The subject invention generally relates to a system for generating a chlorine-containing compound and, more specifically, to a system and method for generating a chlorine-containing compound for disinfecting and/or sanitizing a substrate.
Chlorine-containing compounds are well known in the art and are utilized in various industries due to their unique physical properties. Most commonly, chlorine-containing compounds are utilized in cleaning applications. For example, hospitals, restaurants, and even households often employ various chlorine-containing compounds for disinfecting, bleaching, whitening, deodorizing, and/or otherwise cleaning substrates.
For example, one chlorine-containing compound is sodium hypochlorite (NaClO), which is utilized as a powerful disinfecting agent and/or a bleaching agent. Sodium hypochlorite is commonly referred to as bleach when disposed in water to form an aqueous sodium hypochlorite solution. Another chlorine-containing compound is hypochlorous acid (HClO), which is similarly utilized as a disinfecting agent.
Hypochlorous acid is a particularly desirable disinfecting agent due to the effect of hypochlorous acid on bacteria and its lack of adverse health impacts on humans. In particular, when in the presence of bacteria, hypochlorous acid penetrates the bacteria and reacts with key enzymes to prevent normal respiration. Additionally, hypochlorous acid effectively eradicates pathogens other than bacteria. Accordingly, hypochlorous acid is often utilized as a disinfecting agent for surgical tools or hands of a surgeon in hospitals, and is similarly utilized as a disinfecting agent for surfaces utilized in the preparation of food by restaurants.

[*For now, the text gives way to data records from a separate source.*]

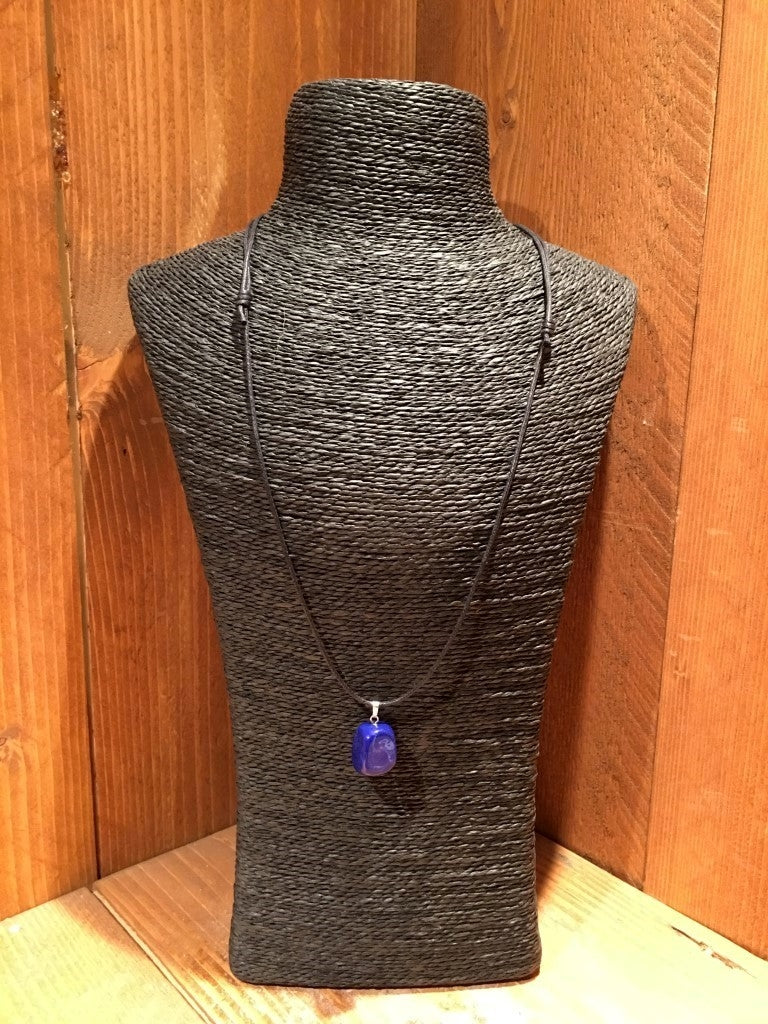 Blauwe Howliet Hanger aan Koord - Halssieraad Blauw - c.a. 1,5x1cm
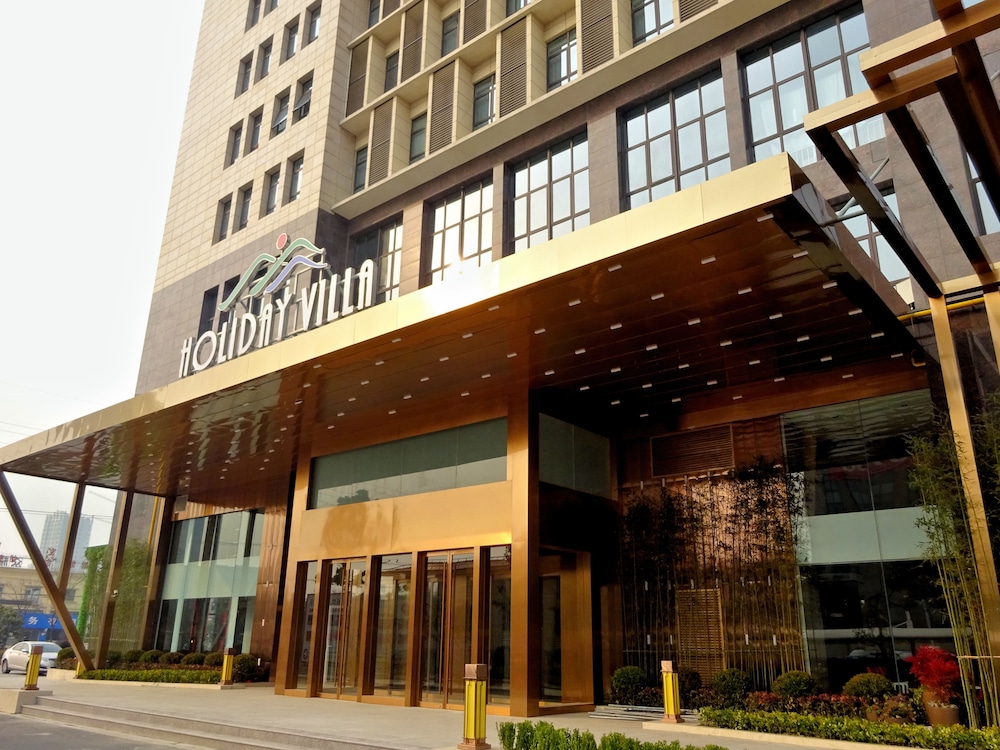 Holiday Villa Hotel & Residence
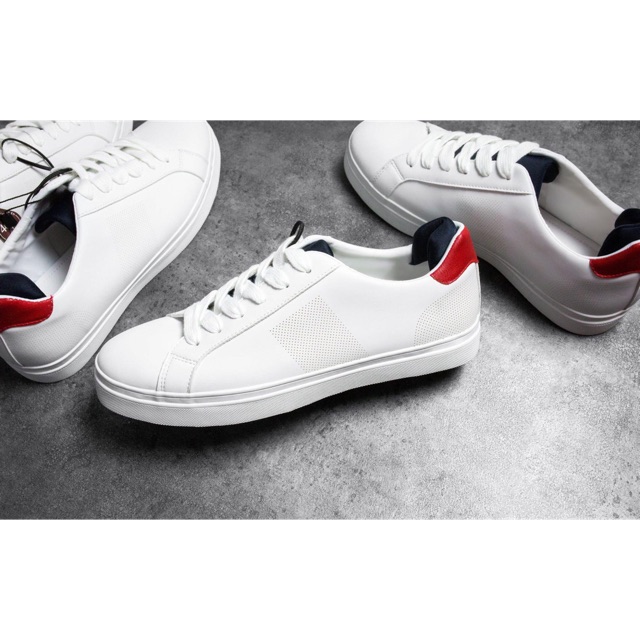 Giầy sneaker buộc dây trắng gót đỏ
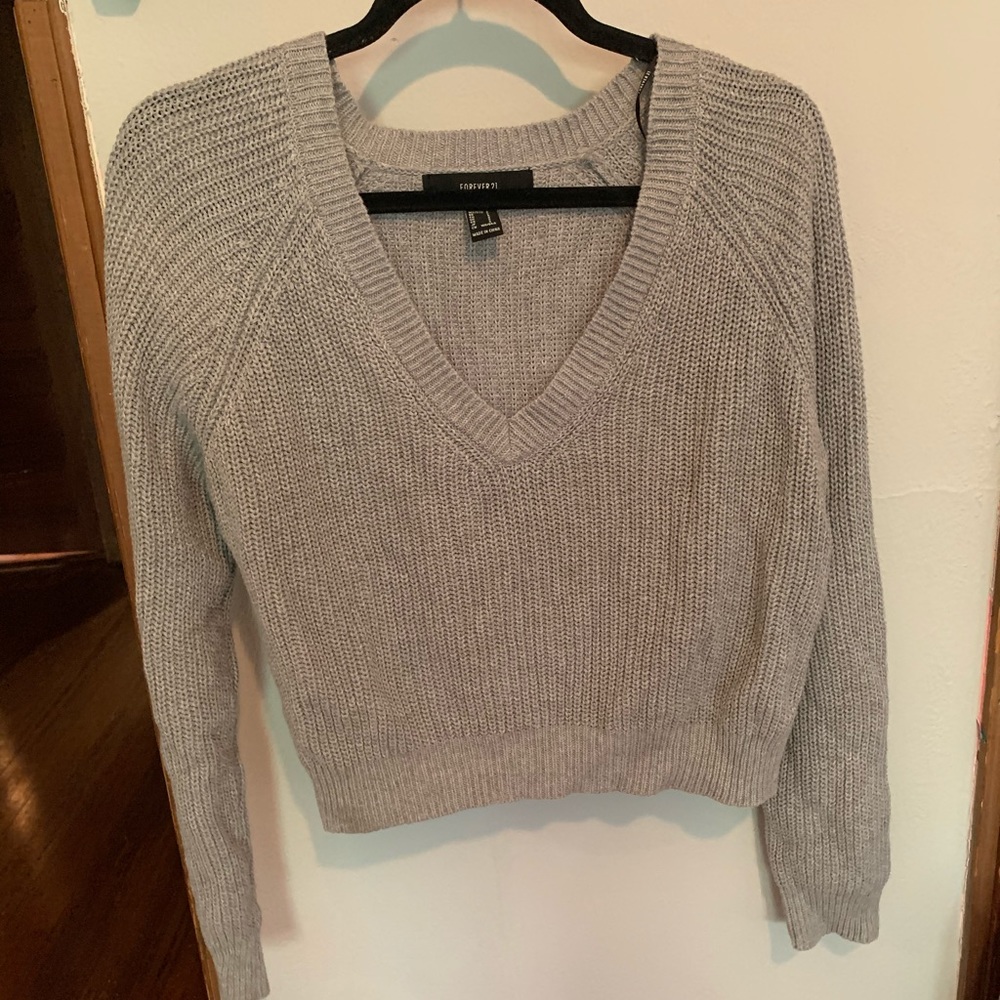 Cropped Vneck sweater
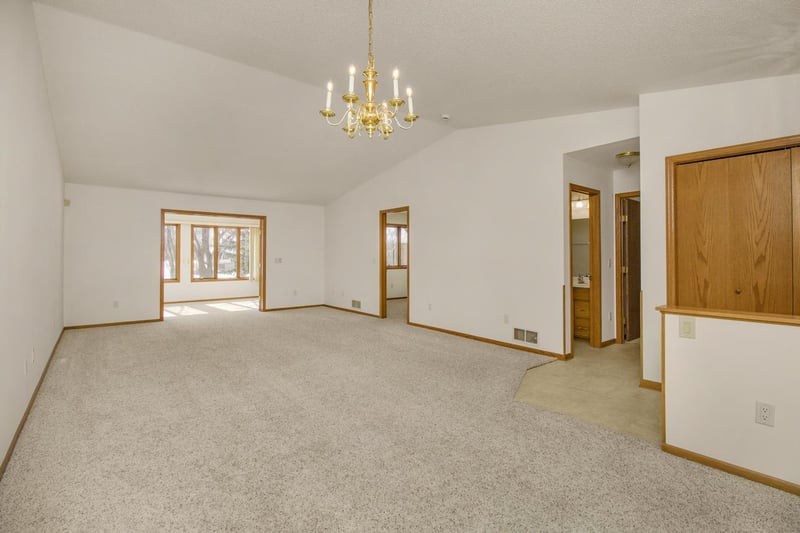 2224 Pinewood Dr, Shakopee, MN 55379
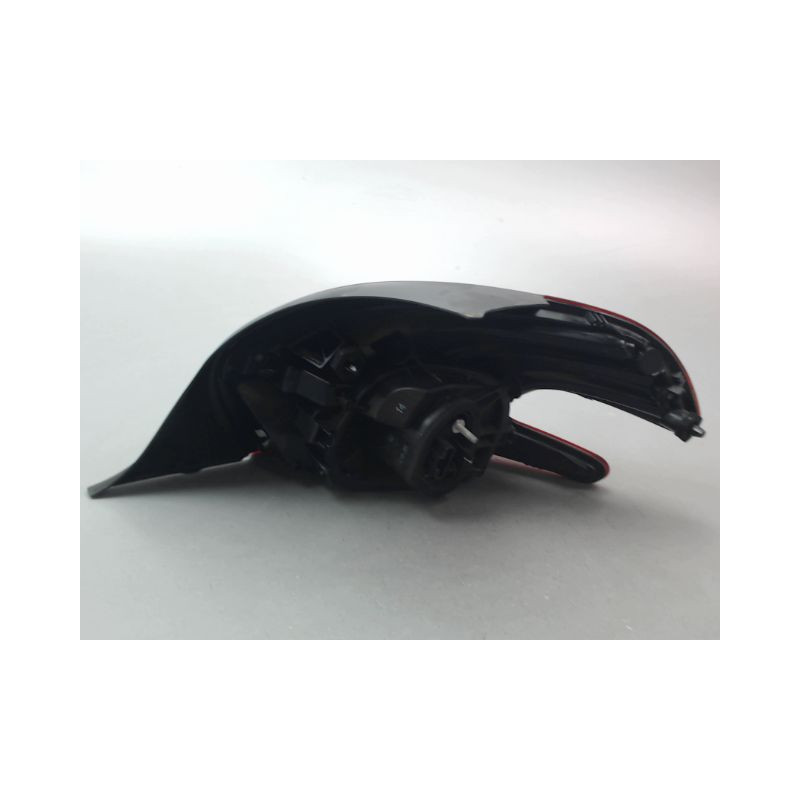 FEU ARRIERE GAUCHE  PEUGEOT 208 Phase 1 2012-...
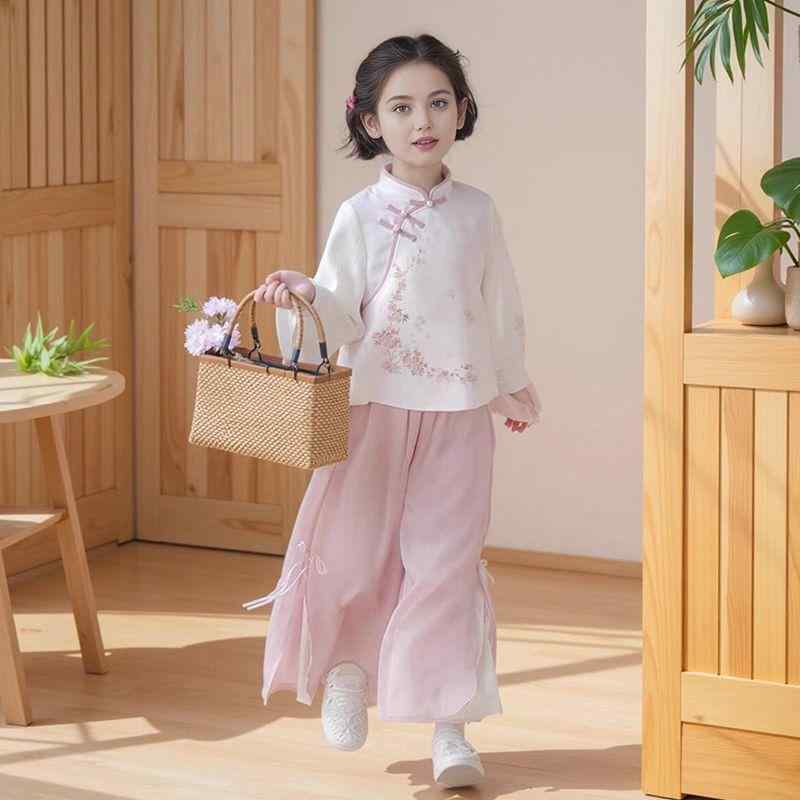 ・カテゴリ: 子供用旗袍・唐装・民族衣装・スタイル: 中華風・セット内容: セットアップ・対象性別: 女の子・素材: 再生繊維、ポリエステル・素材含有率: 91% - 95%・安全基準: A類・カラー展開: ピンク、ブルー・サイズ展開: 110、120、130、140、150、160・対象年齢: 8歳以上（身長140cm以上）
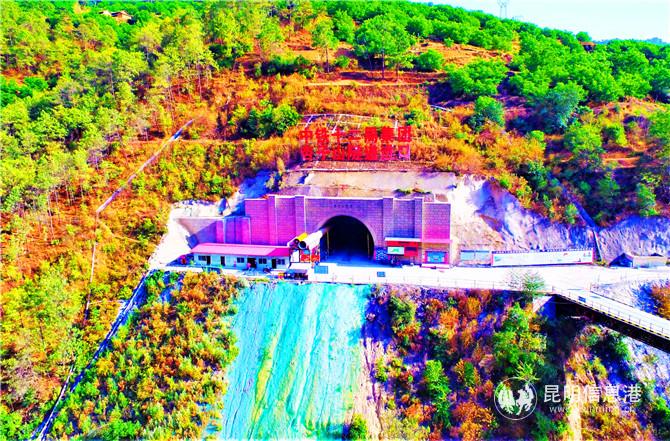 鑲嵌在半山腰的杏子山隧道進(jìn)口。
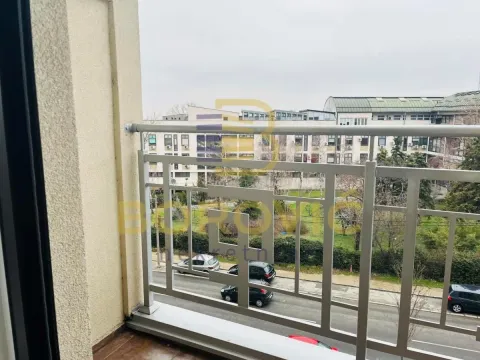 Rent, two bedroom apartment, 50m², Karaburma, Palilula Sve Podlokacije - image 11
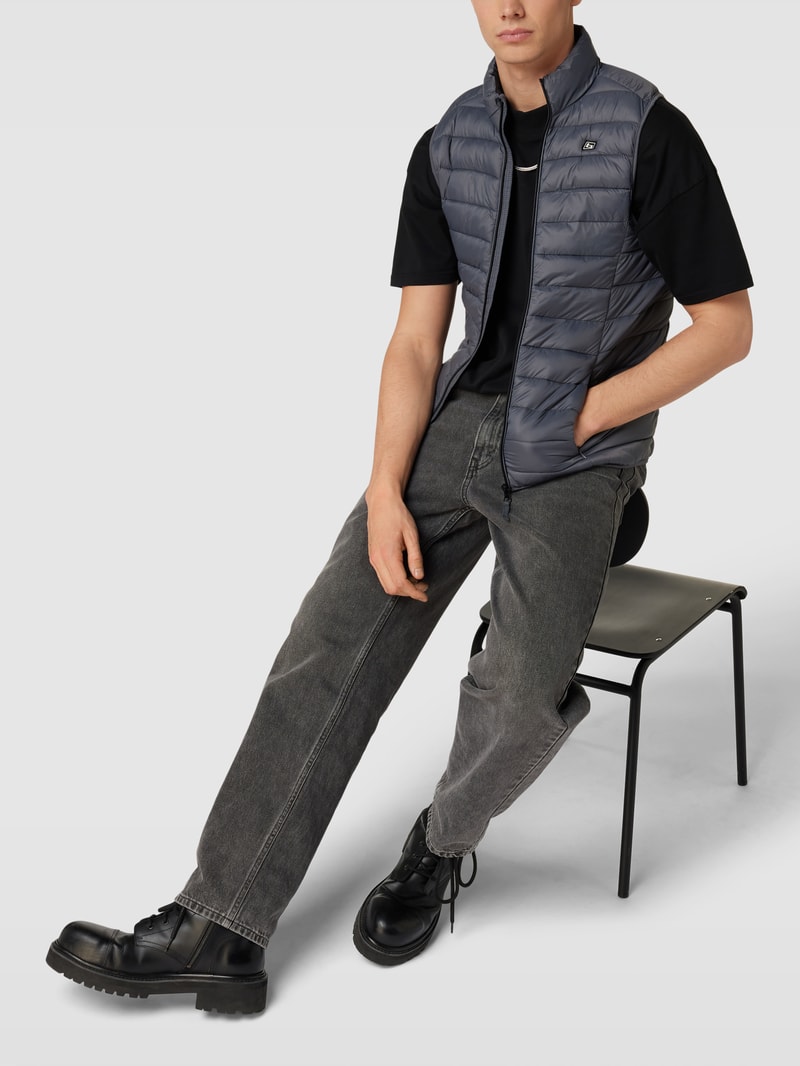 Steppweste mit Label-Patch 'Romsey' in anthrazit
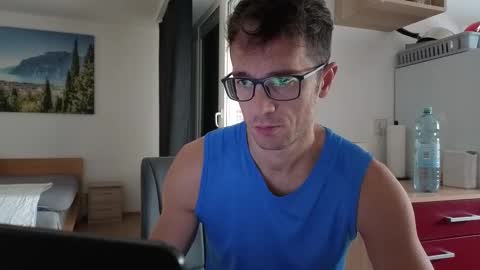 Mick online show from October 20, 2025, 12:49 pm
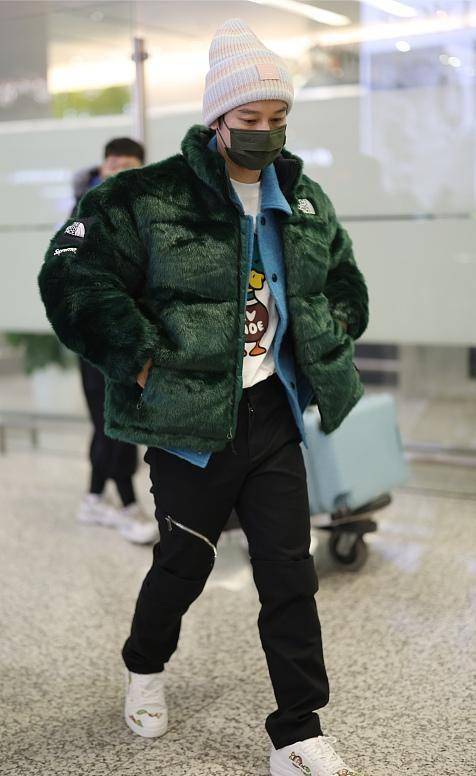 男人穿蓝色衣服给人感觉 男生蓝色衣服图片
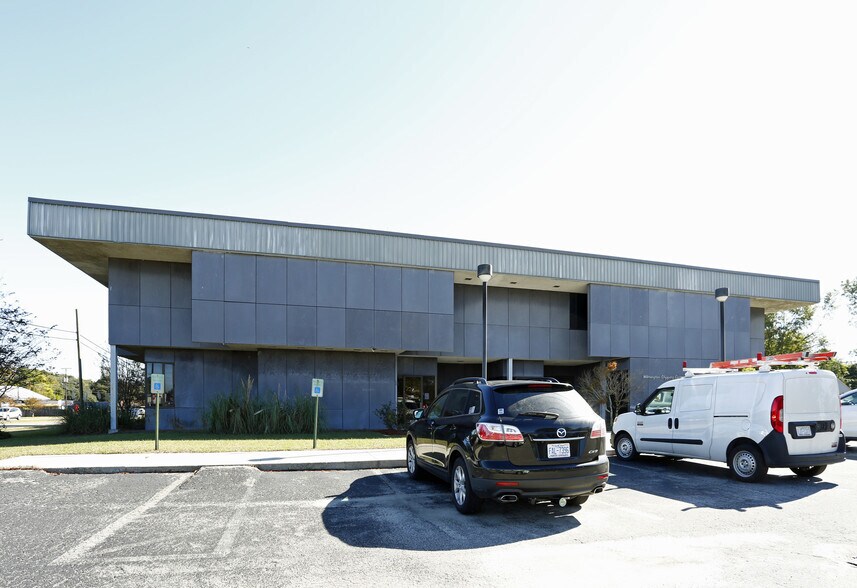 More Photos Of 330 Shipyard Blvd, Wilmington Office Residential For Lease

However, hypochlorous acid has an incredibly short half life and readily oxidizes. Other factors further contribute to the incredibly short half life of hypochlorous acid, such as temperature, exposure to ultraviolet light, etc. Moreover, hypochlorous acid partially dissociates into a hypochlorite anion (OCl−) when in an aqueous solution. As such, hypochlorous acid cannot be readily purchased and stored for any extended duration.
Accordingly, hypochlorous acid is generally generated in situ and utilized immediately upon being generated. However, conventional systems for generating hypochlorous acid in situ are large (and not portable) and very expensive. Moreover, conventional systems for generating hypochlorous acid in situ have outputs that are inconsistent. Specifically, conventional systems for generating hypochlorous acid in situ have outputs with varying pH, free available chlorine (FAC) and oxidation-reduction potential (ORP), which further limits repeatability and reproducibility of the conventional systems for generating hypochlorous acid in situ. Further, the free available chlorine (FAC) of the hypochlorous acid produced via conventional systems for generating hypochlorous acid is undesirably low, which limits the applications in which the hypochlorous acid may be utilized.